(ASSIGNED TASK) Reproduction of part of the material below, pictures omitted: copy exactly, and only, the lines starting with the one with "The image shows" and going on through the one with "4620 E 43rd".

(EXCERPTED RECORDS)
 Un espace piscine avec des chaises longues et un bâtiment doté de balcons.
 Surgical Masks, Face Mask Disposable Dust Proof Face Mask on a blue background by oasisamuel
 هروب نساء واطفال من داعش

--

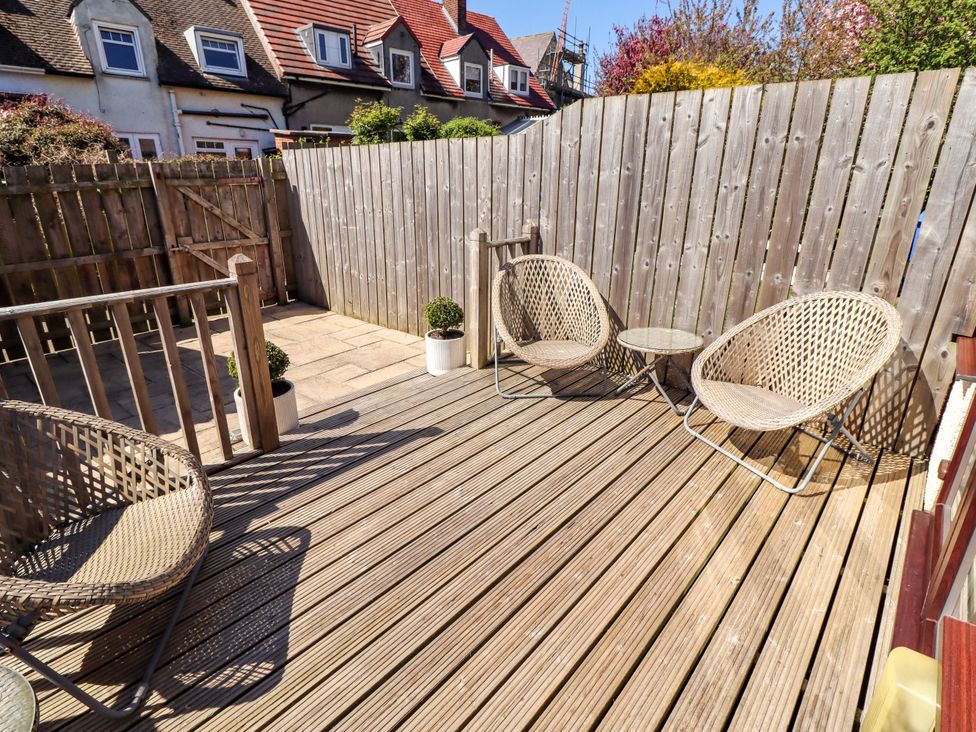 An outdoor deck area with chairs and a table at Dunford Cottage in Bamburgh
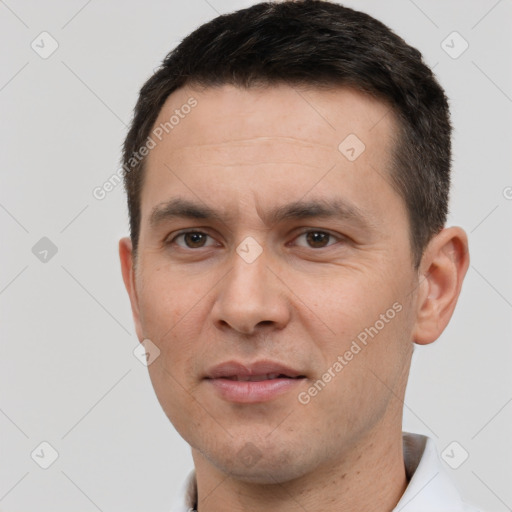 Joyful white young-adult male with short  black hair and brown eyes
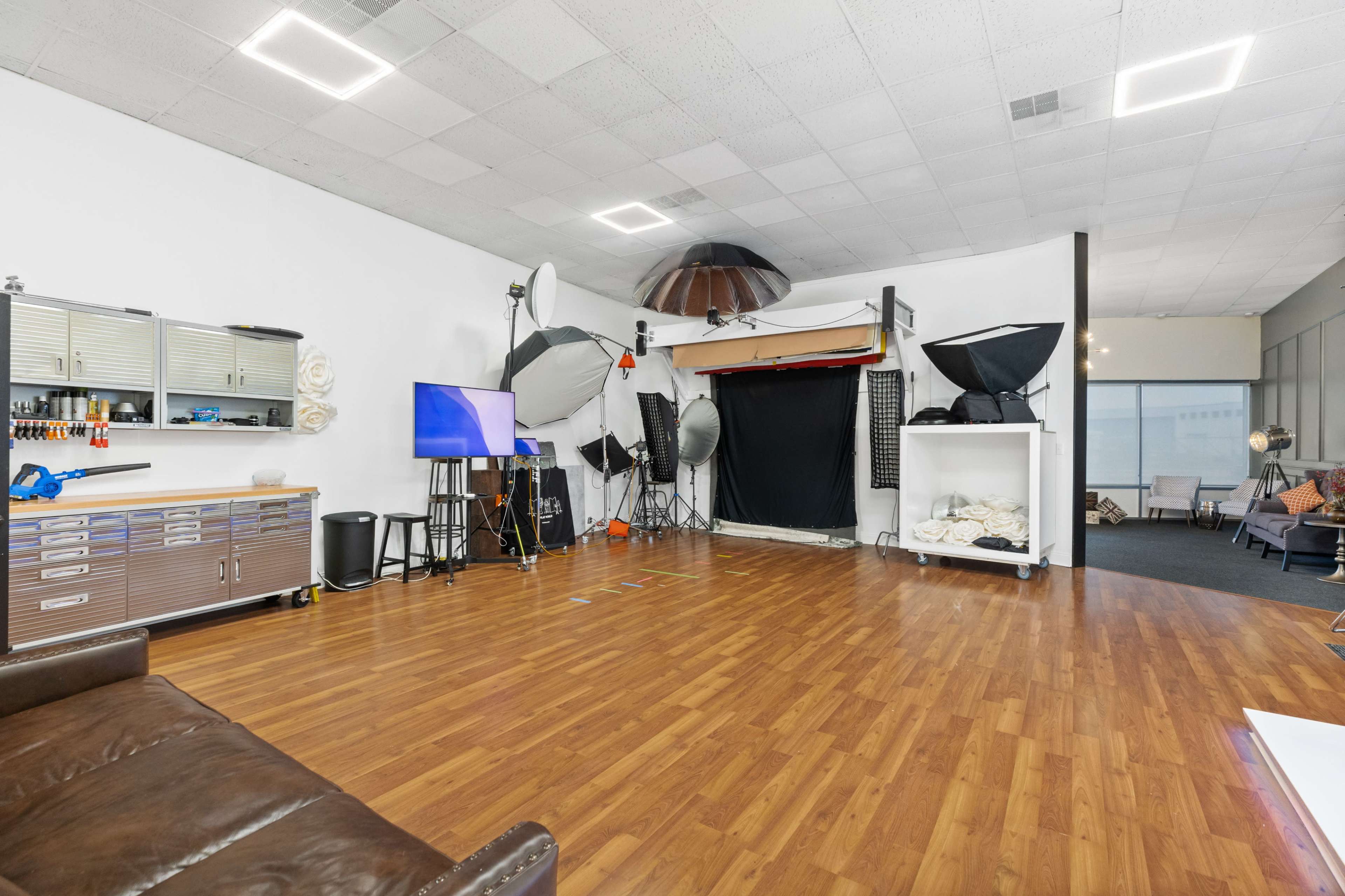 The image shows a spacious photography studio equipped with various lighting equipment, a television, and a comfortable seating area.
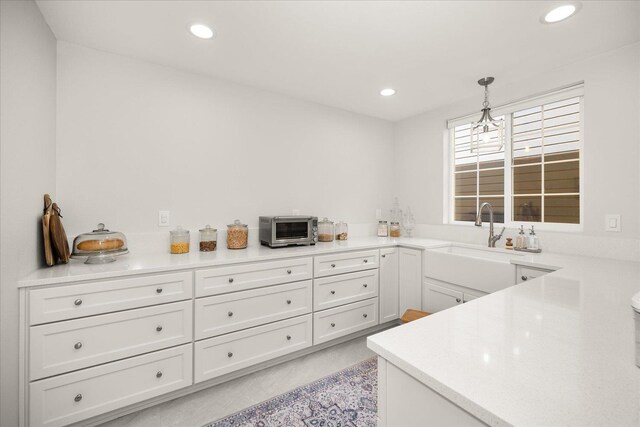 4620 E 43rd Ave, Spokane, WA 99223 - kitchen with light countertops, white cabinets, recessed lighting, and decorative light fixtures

(EXERCISE OUTPUT)
 The image shows a spacious photography studio equipped with various lighting equipment, a television, and a comfortable seating area.
 4620 E 43rd Ave, Spokane, WA 99223 - kitchen with light countertops, white cabinets, recessed lighting, and decorative light fixtures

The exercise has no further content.